Almost definitely. Parry and Chung have spoken about feeling like they were ahead of the curve with the Create-A-Spot mode and community features of the Skate games, in particular Skate 3. Though you could still create skateparks in the game, most often you were left nudging benches and ramps near stairs or rails to make more realistic chains.
Despite the more grounded mentality of the games, Skate 3 did go all out on the extras, especially when it came to the DLC. Parry, Chung, and the rest of the team were under no illusions that Skate 3 might very well be the end of the road, so that’s why the add-ons like green screen mode were thrown at us; Black Box didn’t want to leave anything in the tank.
With Miele becoming EA’s Chief of Worldwide Studios in 2018, Skate finally had a voice on the inside willing to push for a revival. More than that though, while Skate’s last release was in 2010, the series got another burst of popularity around 2013 to 2014 when YouTuber streamers picked it up and helped elevate it to the level of cult classic.
Wait, 2018? So when the servers came back online that was a hint, right?

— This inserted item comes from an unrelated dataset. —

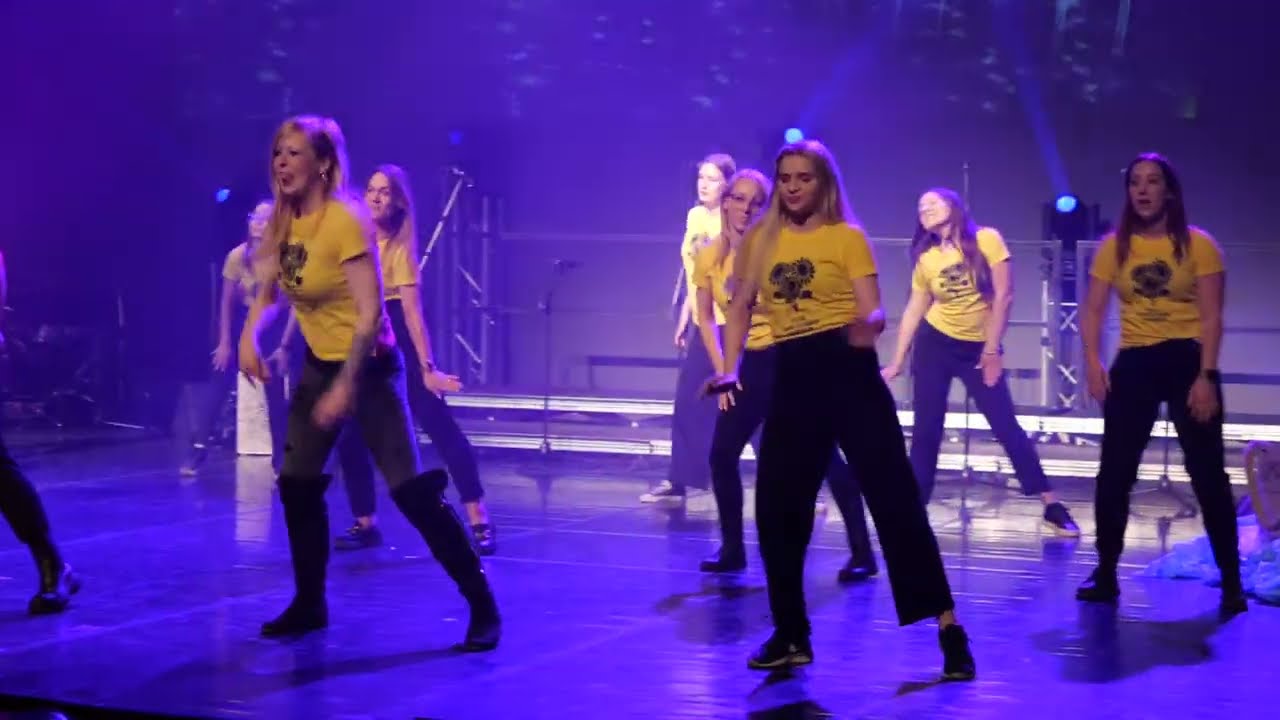 12. GALA KONCERT VRTCA IVANA GLINŠKA - nastop strokovnega kadra (A. Godec: Vsak je sam)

Actually, no. While the Skate 3 servers did get rebooted and come back online randomly in 2018 and it did coincide with Miele’s early attempts to bring Skate back from the dead, the events are unrelated.
"I think someone rebooted a computer by accident," Parry and Chung said on the issue. An explanation which is boring, not at all magical, but probably true. Oh well.
Of course, they couldn’t really comment on anything at the time, as they might very well have been in preliminary discussions about Skate 4, but they must have been just as confused as the rest of us about why the servers were suddenly running again.